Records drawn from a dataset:
---
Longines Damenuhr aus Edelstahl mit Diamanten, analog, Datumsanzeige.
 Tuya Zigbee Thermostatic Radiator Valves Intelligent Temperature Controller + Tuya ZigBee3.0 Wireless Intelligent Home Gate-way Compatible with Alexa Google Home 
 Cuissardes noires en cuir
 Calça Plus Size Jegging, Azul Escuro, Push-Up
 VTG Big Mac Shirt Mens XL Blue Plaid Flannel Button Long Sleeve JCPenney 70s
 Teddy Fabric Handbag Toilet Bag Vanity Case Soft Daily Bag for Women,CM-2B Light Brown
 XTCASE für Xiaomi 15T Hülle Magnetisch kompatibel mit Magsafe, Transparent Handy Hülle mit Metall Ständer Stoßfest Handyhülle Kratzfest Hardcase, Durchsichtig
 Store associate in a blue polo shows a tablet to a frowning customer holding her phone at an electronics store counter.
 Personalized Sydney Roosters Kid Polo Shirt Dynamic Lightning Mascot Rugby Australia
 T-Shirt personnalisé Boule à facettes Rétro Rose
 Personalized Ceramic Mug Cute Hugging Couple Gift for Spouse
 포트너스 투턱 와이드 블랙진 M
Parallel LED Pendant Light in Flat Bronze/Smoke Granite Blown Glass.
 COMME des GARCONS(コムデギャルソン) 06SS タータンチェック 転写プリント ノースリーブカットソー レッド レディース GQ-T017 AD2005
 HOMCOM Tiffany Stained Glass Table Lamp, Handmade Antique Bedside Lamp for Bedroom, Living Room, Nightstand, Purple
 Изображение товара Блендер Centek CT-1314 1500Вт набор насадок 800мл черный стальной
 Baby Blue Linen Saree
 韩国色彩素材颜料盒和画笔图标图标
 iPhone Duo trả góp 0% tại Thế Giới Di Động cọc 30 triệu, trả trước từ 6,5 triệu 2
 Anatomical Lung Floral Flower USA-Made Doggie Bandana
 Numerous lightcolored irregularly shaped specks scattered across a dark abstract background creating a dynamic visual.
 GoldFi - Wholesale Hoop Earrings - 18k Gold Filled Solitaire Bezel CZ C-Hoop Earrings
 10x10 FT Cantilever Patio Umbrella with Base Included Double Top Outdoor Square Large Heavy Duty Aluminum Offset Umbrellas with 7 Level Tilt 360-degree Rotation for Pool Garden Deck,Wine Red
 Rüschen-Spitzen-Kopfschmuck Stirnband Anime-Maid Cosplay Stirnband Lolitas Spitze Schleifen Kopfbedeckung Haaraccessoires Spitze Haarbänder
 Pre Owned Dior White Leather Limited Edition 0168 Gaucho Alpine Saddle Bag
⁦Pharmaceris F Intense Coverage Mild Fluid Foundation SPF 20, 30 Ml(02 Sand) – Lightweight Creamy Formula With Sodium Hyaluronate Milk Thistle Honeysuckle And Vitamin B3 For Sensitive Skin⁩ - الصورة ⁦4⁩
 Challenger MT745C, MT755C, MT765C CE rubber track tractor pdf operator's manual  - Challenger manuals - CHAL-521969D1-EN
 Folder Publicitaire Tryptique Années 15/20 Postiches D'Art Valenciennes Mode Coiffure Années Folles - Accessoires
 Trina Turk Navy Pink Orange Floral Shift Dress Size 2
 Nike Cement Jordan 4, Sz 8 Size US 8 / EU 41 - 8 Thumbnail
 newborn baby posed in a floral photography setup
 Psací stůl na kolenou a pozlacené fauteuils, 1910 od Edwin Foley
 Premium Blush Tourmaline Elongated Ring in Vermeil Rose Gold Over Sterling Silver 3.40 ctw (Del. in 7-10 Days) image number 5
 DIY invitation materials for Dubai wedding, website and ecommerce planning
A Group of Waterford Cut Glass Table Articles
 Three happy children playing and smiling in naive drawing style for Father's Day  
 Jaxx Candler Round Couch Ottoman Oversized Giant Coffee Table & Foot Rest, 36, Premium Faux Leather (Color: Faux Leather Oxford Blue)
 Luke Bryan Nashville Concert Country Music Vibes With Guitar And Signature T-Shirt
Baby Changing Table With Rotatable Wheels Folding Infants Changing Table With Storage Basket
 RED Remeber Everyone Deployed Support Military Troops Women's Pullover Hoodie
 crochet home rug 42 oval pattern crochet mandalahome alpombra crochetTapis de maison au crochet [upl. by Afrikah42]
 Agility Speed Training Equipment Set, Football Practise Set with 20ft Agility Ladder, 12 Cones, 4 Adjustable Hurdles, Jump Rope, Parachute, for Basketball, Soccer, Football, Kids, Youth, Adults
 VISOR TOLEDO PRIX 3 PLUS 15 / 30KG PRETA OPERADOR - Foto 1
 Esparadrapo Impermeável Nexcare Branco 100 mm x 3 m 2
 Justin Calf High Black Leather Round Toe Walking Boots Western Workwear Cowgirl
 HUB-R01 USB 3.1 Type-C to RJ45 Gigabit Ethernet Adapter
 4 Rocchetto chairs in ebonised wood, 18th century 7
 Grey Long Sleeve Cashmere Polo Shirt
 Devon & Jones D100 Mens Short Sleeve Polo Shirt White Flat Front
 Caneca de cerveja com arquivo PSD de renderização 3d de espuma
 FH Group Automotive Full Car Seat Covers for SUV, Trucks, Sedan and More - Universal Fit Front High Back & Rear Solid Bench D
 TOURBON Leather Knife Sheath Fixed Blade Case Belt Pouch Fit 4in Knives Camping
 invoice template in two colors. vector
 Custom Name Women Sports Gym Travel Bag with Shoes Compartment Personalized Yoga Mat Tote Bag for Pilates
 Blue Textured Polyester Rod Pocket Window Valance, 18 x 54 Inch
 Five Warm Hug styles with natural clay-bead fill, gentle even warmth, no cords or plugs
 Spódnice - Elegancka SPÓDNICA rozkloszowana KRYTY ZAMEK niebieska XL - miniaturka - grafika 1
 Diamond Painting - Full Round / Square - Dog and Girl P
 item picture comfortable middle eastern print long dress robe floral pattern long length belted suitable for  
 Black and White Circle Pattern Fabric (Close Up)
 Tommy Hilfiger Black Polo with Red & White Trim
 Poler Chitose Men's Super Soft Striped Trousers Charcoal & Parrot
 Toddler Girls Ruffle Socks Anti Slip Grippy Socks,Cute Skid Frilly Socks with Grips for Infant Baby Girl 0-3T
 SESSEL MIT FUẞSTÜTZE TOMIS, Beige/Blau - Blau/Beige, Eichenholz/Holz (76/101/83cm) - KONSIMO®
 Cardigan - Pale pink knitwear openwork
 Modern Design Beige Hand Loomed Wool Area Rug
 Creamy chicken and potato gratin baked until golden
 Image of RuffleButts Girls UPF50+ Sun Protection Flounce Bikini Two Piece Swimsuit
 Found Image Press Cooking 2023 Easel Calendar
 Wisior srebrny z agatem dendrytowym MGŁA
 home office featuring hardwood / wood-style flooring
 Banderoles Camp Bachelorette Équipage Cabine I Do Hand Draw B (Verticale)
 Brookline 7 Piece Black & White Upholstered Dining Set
---
» Activity
Each line of the data must come back exactly as written.

» Finished exercise
Longines Damenuhr aus Edelstahl mit Diamanten, analog, Datumsanzeige.
 Tuya Zigbee Thermostatic Radiator Valves Intelligent Temperature Controller + Tuya ZigBee3.0 Wireless Intelligent Home Gate-way Compatible with Alexa Google Home 
 Cuissardes noires en cuir
 Calça Plus Size Jegging, Azul Escuro, Push-Up
 VTG Big Mac Shirt Mens XL Blue Plaid Flannel Button Long Sleeve JCPenney 70s
 Teddy Fabric Handbag Toilet Bag Vanity Case Soft Daily Bag for Women,CM-2B Light Brown
 XTCASE für Xiaomi 15T Hülle Magnetisch kompatibel mit Magsafe, Transparent Handy Hülle mit Metall Ständer Stoßfest Handyhülle Kratzfest Hardcase, Durchsichtig
 Store associate in a blue polo shows a tablet to a frowning customer holding her phone at an electronics store counter.
 Personalized Sydney Roosters Kid Polo Shirt Dynamic Lightning Mascot Rugby Australia
 T-Shirt personnalisé Boule à facettes Rétro Rose
 Personalized Ceramic Mug Cute Hugging Couple Gift for Spouse
 포트너스 투턱 와이드 블랙진 M
Parallel LED Pendant Light in Flat Bronze/Smoke Granite Blown Glass.
 COMME des GARCONS(コムデギャルソン) 06SS タータンチェック 転写プリント ノースリーブカットソー レッド レディース GQ-T017 AD2005
 HOMCOM Tiffany Stained Glass Table Lamp, Handmade Antique Bedside Lamp for Bedroom, Living Room, Nightstand, Purple
 Изображение товара Блендер Centek CT-1314 1500Вт набор насадок 800мл черный стальной
 Baby Blue Linen Saree
 韩国色彩素材颜料盒和画笔图标图标
 iPhone Duo trả góp 0% tại Thế Giới Di Động cọc 30 triệu, trả trước từ 6,5 triệu 2
 Anatomical Lung Floral Flower USA-Made Doggie Bandana
 Numerous lightcolored irregularly shaped specks scattered across a dark abstract background creating a dynamic visual.
 GoldFi - Wholesale Hoop Earrings - 18k Gold Filled Solitaire Bezel CZ C-Hoop Earrings
 10x10 FT Cantilever Patio Umbrella with Base Included Double Top Outdoor Square Large Heavy Duty Aluminum Offset Umbrellas with 7 Level Tilt 360-degree Rotation for Pool Garden Deck,Wine Red
 Rüschen-Spitzen-Kopfschmuck Stirnband Anime-Maid Cosplay Stirnband Lolitas Spitze Schleifen Kopfbedeckung Haaraccessoires Spitze Haarbänder
 Pre Owned Dior White Leather Limited Edition 0168 Gaucho Alpine Saddle Bag
⁦Pharmaceris F Intense Coverage Mild Fluid Foundation SPF 20, 30 Ml(02 Sand) – Lightweight Creamy Formula With Sodium Hyaluronate Milk Thistle Honeysuckle And Vitamin B3 For Sensitive Skin⁩ - الصورة ⁦4⁩
 Challenger MT745C, MT755C, MT765C CE rubber track tractor pdf operator's manual  - Challenger manuals - CHAL-521969D1-EN
 Folder Publicitaire Tryptique Années 15/20 Postiches D'Art Valenciennes Mode Coiffure Années Folles - Accessoires
 Trina Turk Navy Pink Orange Floral Shift Dress Size 2
 Nike Cement Jordan 4, Sz 8 Size US 8 / EU 41 - 8 Thumbnail
 newborn baby posed in a floral photography setup
 Psací stůl na kolenou a pozlacené fauteuils, 1910 od Edwin Foley
 Premium Blush Tourmaline Elongated Ring in Vermeil Rose Gold Over Sterling Silver 3.40 ctw (Del. in 7-10 Days) image number 5
 DIY invitation materials for Dubai wedding, website and ecommerce planning
A Group of Waterford Cut Glass Table Articles
 Three happy children playing and smiling in naive drawing style for Father's Day  
 Jaxx Candler Round Couch Ottoman Oversized Giant Coffee Table & Foot Rest, 36, Premium Faux Leather (Color: Faux Leather Oxford Blue)
 Luke Bryan Nashville Concert Country Music Vibes With Guitar And Signature T-Shirt
Baby Changing Table With Rotatable Wheels Folding Infants Changing Table With Storage Basket
 RED Remeber Everyone Deployed Support Military Troops Women's Pullover Hoodie
 crochet home rug 42 oval pattern crochet mandalahome alpombra crochetTapis de maison au crochet [upl. by Afrikah42]
 Agility Speed Training Equipment Set, Football Practise Set with 20ft Agility Ladder, 12 Cones, 4 Adjustable Hurdles, Jump Rope, Parachute, for Basketball, Soccer, Football, Kids, Youth, Adults
 VISOR TOLEDO PRIX 3 PLUS 15 / 30KG PRETA OPERADOR - Foto 1
 Esparadrapo Impermeável Nexcare Branco 100 mm x 3 m 2
 Justin Calf High Black Leather Round Toe Walking Boots Western Workwear Cowgirl
 HUB-R01 USB 3.1 Type-C to RJ45 Gigabit Ethernet Adapter
 4 Rocchetto chairs in ebonised wood, 18th century 7
 Grey Long Sleeve Cashmere Polo Shirt
 Devon & Jones D100 Mens Short Sleeve Polo Shirt White Flat Front
 Caneca de cerveja com arquivo PSD de renderização 3d de espuma
 FH Group Automotive Full Car Seat Covers for SUV, Trucks, Sedan and More - Universal Fit Front High Back & Rear Solid Bench D
 TOURBON Leather Knife Sheath Fixed Blade Case Belt Pouch Fit 4in Knives Camping
 invoice template in two colors. vector
 Custom Name Women Sports Gym Travel Bag with Shoes Compartment Personalized Yoga Mat Tote Bag for Pilates
 Blue Textured Polyester Rod Pocket Window Valance, 18 x 54 Inch
 Five Warm Hug styles with natural clay-bead fill, gentle even warmth, no cords or plugs
 Spódnice - Elegancka SPÓDNICA rozkloszowana KRYTY ZAMEK niebieska XL - miniaturka - grafika 1
 Diamond Painting - Full Round / Square - Dog and Girl P
 item picture comfortable middle eastern print long dress robe floral pattern long length belted suitable for  
 Black and White Circle Pattern Fabric (Close Up)
 Tommy Hilfiger Black Polo with Red & White Trim
 Poler Chitose Men's Super Soft Striped Trousers Charcoal & Parrot
 Toddler Girls Ruffle Socks Anti Slip Grippy Socks,Cute Skid Frilly Socks with Grips for Infant Baby Girl 0-3T
 SESSEL MIT FUẞSTÜTZE TOMIS, Beige/Blau - Blau/Beige, Eichenholz/Holz (76/101/83cm) - KONSIMO®
 Cardigan - Pale pink knitwear openwork
 Modern Design Beige Hand Loomed Wool Area Rug
 Creamy chicken and potato gratin baked until golden
 Image of RuffleButts Girls UPF50+ Sun Protection Flounce Bikini Two Piece Swimsuit
 Found Image Press Cooking 2023 Easel Calendar
 Wisior srebrny z agatem dendrytowym MGŁA
 home office featuring hardwood / wood-style flooring
 Banderoles Camp Bachelorette Équipage Cabine I Do Hand Draw B (Verticale)
 Brookline 7 Piece Black & White Upholstered Dining Set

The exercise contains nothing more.